* **What you need to do**
Please copy every line of the records below that holds the word "vendita".

* **Task material**
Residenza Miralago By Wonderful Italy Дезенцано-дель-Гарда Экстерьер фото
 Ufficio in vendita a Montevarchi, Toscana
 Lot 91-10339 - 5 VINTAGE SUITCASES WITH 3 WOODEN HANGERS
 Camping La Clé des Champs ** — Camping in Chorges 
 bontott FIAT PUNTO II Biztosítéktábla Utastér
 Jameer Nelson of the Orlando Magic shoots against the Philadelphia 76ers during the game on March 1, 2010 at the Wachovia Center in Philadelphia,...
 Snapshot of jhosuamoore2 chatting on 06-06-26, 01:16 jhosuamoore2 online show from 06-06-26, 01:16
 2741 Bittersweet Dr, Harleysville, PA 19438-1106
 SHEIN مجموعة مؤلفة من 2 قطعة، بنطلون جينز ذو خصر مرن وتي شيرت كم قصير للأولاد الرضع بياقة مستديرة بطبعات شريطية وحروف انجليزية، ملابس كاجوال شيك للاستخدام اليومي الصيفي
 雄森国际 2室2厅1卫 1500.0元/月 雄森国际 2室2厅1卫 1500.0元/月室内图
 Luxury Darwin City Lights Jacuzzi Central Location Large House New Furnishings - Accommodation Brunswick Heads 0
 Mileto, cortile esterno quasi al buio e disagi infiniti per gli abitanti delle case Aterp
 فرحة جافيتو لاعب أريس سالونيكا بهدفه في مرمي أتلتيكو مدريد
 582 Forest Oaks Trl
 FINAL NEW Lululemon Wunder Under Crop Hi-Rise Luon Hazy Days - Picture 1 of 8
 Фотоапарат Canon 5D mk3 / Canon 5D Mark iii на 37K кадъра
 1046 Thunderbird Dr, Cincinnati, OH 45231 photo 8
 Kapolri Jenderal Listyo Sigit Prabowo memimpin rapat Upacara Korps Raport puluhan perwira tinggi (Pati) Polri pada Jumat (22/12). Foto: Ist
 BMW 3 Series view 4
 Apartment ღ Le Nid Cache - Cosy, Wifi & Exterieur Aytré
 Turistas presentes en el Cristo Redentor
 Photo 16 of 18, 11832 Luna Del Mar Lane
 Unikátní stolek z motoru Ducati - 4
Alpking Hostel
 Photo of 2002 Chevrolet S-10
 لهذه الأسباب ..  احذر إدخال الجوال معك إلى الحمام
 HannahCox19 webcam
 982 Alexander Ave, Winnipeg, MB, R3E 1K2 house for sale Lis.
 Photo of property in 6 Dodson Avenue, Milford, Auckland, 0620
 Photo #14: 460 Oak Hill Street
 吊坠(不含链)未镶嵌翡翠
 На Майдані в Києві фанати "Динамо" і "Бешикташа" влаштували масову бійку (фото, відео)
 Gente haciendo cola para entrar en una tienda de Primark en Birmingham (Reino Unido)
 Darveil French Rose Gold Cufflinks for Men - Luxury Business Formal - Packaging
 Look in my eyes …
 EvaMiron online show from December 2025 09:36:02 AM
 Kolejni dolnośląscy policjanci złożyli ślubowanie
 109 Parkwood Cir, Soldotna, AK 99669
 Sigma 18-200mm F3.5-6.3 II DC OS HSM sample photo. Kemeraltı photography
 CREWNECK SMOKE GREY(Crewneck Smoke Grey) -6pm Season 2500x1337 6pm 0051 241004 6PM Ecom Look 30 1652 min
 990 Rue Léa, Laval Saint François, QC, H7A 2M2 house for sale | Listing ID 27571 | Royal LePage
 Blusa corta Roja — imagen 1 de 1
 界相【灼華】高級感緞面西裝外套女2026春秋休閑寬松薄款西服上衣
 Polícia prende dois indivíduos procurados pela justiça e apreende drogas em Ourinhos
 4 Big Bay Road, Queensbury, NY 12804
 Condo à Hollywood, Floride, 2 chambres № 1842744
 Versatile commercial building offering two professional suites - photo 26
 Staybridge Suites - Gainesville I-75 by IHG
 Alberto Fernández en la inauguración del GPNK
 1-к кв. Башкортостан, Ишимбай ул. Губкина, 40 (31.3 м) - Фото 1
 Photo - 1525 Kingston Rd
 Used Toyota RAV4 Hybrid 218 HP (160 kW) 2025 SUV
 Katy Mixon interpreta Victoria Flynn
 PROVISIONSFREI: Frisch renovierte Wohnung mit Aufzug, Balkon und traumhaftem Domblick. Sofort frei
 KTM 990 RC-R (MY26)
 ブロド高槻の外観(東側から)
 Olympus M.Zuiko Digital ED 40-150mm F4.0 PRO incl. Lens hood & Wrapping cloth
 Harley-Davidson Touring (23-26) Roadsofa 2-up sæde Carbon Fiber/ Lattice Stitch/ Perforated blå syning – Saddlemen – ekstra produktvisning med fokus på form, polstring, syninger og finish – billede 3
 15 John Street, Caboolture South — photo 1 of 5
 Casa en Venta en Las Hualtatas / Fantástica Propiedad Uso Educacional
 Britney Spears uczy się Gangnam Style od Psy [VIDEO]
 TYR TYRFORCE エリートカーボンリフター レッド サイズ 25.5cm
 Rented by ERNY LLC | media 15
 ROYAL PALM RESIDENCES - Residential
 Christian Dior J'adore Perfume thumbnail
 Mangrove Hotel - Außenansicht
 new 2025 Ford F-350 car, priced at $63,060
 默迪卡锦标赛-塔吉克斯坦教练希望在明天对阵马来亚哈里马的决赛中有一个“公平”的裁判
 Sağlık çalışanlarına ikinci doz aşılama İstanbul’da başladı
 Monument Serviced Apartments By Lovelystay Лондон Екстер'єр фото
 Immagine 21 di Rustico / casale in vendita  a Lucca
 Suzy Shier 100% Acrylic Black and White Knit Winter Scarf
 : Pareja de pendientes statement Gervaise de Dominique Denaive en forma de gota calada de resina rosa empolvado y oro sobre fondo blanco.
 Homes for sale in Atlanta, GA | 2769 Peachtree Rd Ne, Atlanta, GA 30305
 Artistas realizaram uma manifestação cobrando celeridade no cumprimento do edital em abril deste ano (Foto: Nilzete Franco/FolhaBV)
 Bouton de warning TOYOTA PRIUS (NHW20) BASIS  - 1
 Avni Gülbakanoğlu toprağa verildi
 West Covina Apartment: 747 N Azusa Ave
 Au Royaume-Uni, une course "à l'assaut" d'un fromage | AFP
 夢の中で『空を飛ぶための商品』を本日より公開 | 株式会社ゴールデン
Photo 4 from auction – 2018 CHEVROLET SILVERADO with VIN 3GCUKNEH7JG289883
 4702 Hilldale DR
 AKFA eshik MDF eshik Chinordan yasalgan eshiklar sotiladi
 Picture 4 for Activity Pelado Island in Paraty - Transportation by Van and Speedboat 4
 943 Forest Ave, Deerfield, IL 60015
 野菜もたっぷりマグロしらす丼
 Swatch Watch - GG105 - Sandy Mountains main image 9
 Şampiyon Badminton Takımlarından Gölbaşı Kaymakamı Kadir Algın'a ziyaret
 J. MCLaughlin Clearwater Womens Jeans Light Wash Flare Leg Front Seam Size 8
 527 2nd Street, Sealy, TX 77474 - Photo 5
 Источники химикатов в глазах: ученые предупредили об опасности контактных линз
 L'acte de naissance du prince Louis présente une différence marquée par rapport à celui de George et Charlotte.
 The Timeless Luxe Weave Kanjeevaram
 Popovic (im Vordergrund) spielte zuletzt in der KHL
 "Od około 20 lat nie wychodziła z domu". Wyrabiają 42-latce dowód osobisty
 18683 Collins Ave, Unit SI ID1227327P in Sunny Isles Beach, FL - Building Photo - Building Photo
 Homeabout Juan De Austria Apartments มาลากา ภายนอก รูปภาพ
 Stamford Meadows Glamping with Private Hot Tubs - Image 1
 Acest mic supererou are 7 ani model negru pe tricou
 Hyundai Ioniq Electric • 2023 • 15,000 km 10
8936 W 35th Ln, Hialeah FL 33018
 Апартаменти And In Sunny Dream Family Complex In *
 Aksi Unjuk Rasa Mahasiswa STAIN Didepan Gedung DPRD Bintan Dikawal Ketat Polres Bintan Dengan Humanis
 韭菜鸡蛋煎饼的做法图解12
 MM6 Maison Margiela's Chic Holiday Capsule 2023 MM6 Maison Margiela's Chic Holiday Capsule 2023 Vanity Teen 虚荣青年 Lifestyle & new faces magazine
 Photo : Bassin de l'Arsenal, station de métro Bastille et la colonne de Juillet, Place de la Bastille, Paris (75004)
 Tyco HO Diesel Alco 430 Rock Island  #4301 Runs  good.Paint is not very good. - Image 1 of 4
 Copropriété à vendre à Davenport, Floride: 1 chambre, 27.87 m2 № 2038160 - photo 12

* **Reply**
 Ufficio in vendita a Montevarchi, Toscana
 Immagine 21 di Rustico / casale in vendita  a Lucca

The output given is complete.